At press time, the famed Byron Bay Bluesfest announced its last hurrah in 2025.
As Pollstar’s ANZ charts (see page 41) show, companies working on tighter bills are growing.
Untitled Group, Australia’s largest independent promoter, “experienced tremendous growth over the past 12 months” said general manager Andrew White (see page 33), with over 500,000 tix sold across its festivals, tours and club brands.
He added, “I do see a bright future for those willing and able to pivot and remain responsive to the ever-changing market.
“The term ‘innovation’ is often misunderstood. In reality, it’s the sum total of our efforts to adapt and change the way we do things, the way we collaborate with community and culture, the way talent connects with their fans, and the new ways we deliver unforgettable experiences to Australian audiences.”
Destroy All Lines had a 250% rise in business from 2023, with 65 tours this year including Simple Plan, James Blunt, Bring Me The Horizon and Maria Bamford, and hard rock festivals Good Things and Knotfest which each shifted 110,000 over three cities.
Managing director Chris O’Brien attributed its success to “the way we work differently in our approach to marketing and programming” and the way the company utilises experts as it expanded into the indie, rap, country, comedy, podcast and ‘80s spaces.
“That we were surprised by the amount of the opportunities which came our way. That we were surprised by the people who wanted to work with us was a reflection of our environment of creatively always wanting to try new things.

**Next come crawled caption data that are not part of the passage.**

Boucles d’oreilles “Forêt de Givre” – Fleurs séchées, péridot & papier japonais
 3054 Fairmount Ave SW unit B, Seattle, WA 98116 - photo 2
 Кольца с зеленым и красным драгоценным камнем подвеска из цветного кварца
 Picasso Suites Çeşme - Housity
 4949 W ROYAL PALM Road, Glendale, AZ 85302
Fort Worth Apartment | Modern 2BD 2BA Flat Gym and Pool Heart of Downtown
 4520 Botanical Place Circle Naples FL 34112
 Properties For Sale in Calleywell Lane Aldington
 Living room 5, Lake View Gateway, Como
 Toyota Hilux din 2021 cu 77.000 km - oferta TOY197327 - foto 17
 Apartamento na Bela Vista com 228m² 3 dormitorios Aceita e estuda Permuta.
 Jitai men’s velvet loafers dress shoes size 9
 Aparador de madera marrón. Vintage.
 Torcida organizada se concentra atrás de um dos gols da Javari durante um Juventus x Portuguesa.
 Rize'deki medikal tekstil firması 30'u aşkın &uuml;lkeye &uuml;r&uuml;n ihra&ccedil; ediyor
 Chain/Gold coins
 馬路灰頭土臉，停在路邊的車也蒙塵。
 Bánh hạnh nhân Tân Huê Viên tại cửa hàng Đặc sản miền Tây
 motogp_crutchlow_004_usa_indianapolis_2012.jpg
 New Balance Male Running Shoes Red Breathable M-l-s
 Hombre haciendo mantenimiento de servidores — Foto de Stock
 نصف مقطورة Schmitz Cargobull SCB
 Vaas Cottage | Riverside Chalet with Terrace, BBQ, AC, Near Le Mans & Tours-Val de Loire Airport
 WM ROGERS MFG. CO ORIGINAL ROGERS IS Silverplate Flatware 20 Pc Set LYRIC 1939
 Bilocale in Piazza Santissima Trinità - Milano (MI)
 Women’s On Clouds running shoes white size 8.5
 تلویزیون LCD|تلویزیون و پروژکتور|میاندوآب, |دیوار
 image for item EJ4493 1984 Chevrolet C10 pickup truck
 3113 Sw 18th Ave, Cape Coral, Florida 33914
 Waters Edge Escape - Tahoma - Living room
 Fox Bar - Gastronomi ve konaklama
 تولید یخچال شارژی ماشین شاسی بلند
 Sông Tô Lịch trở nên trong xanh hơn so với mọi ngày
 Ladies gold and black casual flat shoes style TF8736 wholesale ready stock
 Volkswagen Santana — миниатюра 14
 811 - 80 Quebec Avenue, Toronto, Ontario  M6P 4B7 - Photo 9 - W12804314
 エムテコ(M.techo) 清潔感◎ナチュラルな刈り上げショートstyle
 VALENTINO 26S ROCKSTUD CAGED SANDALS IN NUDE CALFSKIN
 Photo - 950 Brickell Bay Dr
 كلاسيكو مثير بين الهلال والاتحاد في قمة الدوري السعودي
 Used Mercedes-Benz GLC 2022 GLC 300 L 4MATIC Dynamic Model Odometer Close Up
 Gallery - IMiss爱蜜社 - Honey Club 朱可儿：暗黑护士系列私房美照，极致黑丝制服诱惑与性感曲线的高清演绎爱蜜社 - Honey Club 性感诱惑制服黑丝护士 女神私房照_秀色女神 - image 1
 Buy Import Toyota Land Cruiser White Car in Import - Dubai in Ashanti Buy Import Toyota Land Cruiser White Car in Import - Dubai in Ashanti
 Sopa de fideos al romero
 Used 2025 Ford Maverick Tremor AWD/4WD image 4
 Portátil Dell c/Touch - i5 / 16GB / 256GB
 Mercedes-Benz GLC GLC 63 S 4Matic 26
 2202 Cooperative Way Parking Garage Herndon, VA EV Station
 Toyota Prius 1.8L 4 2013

“The trick when expanding, obviously, is not to rush it, but wait until you get the right team around it and make sure the timing is right.”
Steps Ahead
Looking at the strengths and weaknesses of the Australian market in 2024, TEG’s Geoff Jones commented, “People are always willing to have a go, which is a very Australian thing. But the weakness is we tend to talk ourselves down a bit, which is also an Australian trait.”
Fuelling the ideas is the confidence that the audience is still there. In Tixel and Bolster Group’s Big Ticket Items report from last November, 53% of those surveyed from Australia and New Zealand were attending more events than before, 59% had concerts listed as priority, and rising ticket prices was not a deterrent for 78%.
Australia has shown a remarkable resilience with new attitudes and experimenting with different business models promising a reboot.
By putting aside traditional rivalries for a united front, constant discussions with governments saw live music added to tourism projects.
Last November, the Western Australia government paid $8 million ($5.28 million) for two exclusive shows by Coldplay in Perth to 140,000 fans, and marketed heavily in SE Asia. “43% came from interstate or outside the country,” Live Nation’s Coppel reported. The economic impact exceeded the $68 million ($44.6 million) the government and tourism bodies expected, according to local media.
Suggestions have included an arena tax for grassroots venues, mandatory marketing of Aussie supports on international tours, culture passes for 18-year olds to encourage them to go to gigs, tax incentives for investors and a concerted effort to open up regional touring networks.
“I’m very optimistic about the new festivals and ideas coming through,” Evelyn Richardson, chief executive of Live Performance Australia, said at a summit in Sydney.
“What we do know about audiences is that they are changing, and this reflects a new emerging experience economy.
“The industry is full of entrepreneurs and creative risk-takers. I’m optimistic that new types of festivals and new ideas will emerge, genre-specific.”